Drought prediction: Insights from the fusion of LSTM and multi-source factors

Sci Total Environ. 2023 Dec 1:902:166361. doi: 10.1016/j.scitotenv.2023.166361. Epub 2023 Aug 16.

Abstract

In the context of current global climate change, accurate drought prediction is crucial for water resources management and agricultural production. Although traditional drought forecasting methods largely rely on historical climatic data, these methods cannot fully consider the long-term effects of factors, such as climate change, and the evaluation of prediction results is limited. Therefore, this study proposed a drought prediction and evaluation framework based on Long Short-Term Memory (LSTM), integrating multi-source factors to significantly enhance the accuracy and reliability of drought prediction models. This framework applied two distinct forecasting schemes. The first scheme utilized ten diverse factors, including precipitation, evaporation, bare soil percentage area coverage, percentage crop cover, leaf area index, runoff, surface runoff, soil moisture, temperature, and total vegetated percentage cover, to predict future precipitation and evaporation, which was then used to calculate the Standardized Precipitation-Evaporation Index (SPEI) to evaluate drought characteristics.
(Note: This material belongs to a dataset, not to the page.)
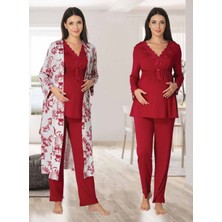 Dvina Effortt Lohusa Sabahlıklı Pijama Takımı Fuşya - 8094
The second scheme directly used these ten factors and historical SPEI to predict future SPEI, further assessing future drought characteristics. By comparing the drought prediction results of the two schemes in terms of data statistics, drought characteristics, and spatial patterns, it was found that the LSTM model significantly improved accuracy when handling high-dimensional complex data and predicting key factors such as precipitation, evaporation, temperature, and soil moisture. The first scheme was more accurate when predicting severe and extreme droughts, whereas the second scheme was more sensitive to predicting moderate and mild droughts and exhibited higher stability and regularity in predicting the spatial variability of drought. In summary, LSTM has made significant improvements in the accuracy, stability, and reliability of drought prediction, providing stronger support for practical applications, such as agriculture and water resources management, and offering a new research tool for further climate change research.

Keywords: CMIP6; Dongjiang basin; Drought prediction; LSTM; Multi-source factors.